**Work instructions**.
Each line of the listing that contains "Used" should be found and copied.
===== Provided data
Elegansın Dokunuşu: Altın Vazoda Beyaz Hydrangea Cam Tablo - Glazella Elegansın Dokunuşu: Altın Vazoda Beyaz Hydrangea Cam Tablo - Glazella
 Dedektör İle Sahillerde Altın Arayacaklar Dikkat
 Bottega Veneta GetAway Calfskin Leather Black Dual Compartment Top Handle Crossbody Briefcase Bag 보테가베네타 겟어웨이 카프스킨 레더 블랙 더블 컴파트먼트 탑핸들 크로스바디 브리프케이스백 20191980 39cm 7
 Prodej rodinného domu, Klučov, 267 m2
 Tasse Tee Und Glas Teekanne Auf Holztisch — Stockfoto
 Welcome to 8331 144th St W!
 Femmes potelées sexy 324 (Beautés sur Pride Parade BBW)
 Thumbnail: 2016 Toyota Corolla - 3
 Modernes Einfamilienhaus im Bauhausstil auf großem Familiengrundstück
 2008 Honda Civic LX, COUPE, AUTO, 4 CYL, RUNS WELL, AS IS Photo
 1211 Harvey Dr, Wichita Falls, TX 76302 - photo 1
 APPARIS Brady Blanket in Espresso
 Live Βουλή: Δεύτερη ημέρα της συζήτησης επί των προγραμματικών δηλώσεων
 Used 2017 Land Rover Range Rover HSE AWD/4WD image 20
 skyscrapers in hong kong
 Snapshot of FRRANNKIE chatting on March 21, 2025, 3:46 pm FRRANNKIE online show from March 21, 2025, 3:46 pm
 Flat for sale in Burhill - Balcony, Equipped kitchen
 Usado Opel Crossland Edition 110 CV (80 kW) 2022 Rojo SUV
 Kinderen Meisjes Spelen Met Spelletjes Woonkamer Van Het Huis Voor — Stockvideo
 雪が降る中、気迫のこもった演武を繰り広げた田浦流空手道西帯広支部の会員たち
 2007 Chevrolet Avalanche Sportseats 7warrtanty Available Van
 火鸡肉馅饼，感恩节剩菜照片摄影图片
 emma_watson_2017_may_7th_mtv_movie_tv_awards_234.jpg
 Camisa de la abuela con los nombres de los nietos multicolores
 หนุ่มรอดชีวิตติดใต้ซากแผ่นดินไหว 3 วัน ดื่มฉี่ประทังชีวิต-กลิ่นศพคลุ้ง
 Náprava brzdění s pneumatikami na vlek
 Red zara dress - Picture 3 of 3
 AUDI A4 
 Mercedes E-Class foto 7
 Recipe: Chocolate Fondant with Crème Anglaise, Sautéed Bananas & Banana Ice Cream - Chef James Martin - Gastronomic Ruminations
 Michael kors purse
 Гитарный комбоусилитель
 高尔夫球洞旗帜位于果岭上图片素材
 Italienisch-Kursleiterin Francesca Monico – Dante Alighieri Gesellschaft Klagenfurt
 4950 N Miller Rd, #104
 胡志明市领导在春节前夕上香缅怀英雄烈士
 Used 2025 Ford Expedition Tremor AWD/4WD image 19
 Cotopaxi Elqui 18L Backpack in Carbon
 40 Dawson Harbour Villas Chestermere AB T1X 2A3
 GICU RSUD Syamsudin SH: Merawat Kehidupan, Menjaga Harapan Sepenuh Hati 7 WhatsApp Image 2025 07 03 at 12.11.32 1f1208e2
==========
**Exercise result**.
 Used 2017 Land Rover Range Rover HSE AWD/4WD image 20
 Used 2025 Ford Expedition Tremor AWD/4WD image 19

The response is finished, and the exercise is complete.